- [ABOUT THIS TASK]
In the listing below, which lines contain the string "range"? Copy them all.

Start of PROVIDED ENTRIES

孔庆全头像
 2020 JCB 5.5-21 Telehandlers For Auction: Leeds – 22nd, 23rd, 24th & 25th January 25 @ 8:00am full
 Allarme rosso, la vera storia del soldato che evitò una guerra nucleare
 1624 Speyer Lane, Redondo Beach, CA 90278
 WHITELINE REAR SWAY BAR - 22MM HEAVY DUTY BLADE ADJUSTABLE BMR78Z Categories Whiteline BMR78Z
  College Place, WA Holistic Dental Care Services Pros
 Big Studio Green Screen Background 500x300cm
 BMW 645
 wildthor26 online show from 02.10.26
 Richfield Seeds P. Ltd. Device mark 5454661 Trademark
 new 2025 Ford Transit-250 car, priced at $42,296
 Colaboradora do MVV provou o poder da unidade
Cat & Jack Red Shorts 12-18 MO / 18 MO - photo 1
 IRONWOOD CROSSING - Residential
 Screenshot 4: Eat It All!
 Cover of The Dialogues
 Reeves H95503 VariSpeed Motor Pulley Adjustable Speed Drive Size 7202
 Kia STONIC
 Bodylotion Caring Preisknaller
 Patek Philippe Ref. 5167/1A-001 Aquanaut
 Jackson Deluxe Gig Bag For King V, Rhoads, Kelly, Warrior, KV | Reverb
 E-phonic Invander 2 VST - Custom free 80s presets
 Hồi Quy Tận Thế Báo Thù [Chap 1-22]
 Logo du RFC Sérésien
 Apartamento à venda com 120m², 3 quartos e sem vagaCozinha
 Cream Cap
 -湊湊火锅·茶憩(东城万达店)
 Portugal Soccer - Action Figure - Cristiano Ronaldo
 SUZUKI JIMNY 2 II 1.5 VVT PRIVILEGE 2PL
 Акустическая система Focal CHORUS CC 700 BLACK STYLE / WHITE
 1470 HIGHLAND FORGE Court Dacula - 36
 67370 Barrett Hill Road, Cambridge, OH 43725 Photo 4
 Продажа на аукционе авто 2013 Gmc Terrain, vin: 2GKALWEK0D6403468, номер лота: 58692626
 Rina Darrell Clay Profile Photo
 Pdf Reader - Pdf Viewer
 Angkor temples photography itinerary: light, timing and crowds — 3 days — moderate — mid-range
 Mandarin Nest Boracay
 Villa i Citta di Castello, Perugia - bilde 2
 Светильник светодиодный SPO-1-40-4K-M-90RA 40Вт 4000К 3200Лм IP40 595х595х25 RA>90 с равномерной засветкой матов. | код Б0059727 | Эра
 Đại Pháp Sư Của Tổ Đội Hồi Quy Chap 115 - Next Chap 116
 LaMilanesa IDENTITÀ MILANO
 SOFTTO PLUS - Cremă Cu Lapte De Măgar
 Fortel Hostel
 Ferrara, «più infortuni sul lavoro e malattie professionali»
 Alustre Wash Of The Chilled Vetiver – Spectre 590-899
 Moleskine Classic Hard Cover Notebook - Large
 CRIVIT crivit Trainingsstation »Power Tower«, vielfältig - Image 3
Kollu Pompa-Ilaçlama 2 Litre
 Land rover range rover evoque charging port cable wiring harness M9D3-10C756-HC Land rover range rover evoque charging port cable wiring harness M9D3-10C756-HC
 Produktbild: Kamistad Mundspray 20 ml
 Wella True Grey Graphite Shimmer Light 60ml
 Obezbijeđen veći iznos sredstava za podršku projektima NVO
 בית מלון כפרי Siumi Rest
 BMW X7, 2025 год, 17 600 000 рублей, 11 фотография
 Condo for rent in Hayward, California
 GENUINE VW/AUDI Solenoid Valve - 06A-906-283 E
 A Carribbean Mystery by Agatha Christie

End of PROVIDED ENTRIES

- [ANSWER SECTION]
 Angkor temples photography itinerary: light, timing and crowds — 3 days — moderate — mid-range
 Land rover range rover evoque charging port cable wiring harness M9D3-10C756-HC Land rover range rover evoque charging port cable wiring harness M9D3-10C756-HC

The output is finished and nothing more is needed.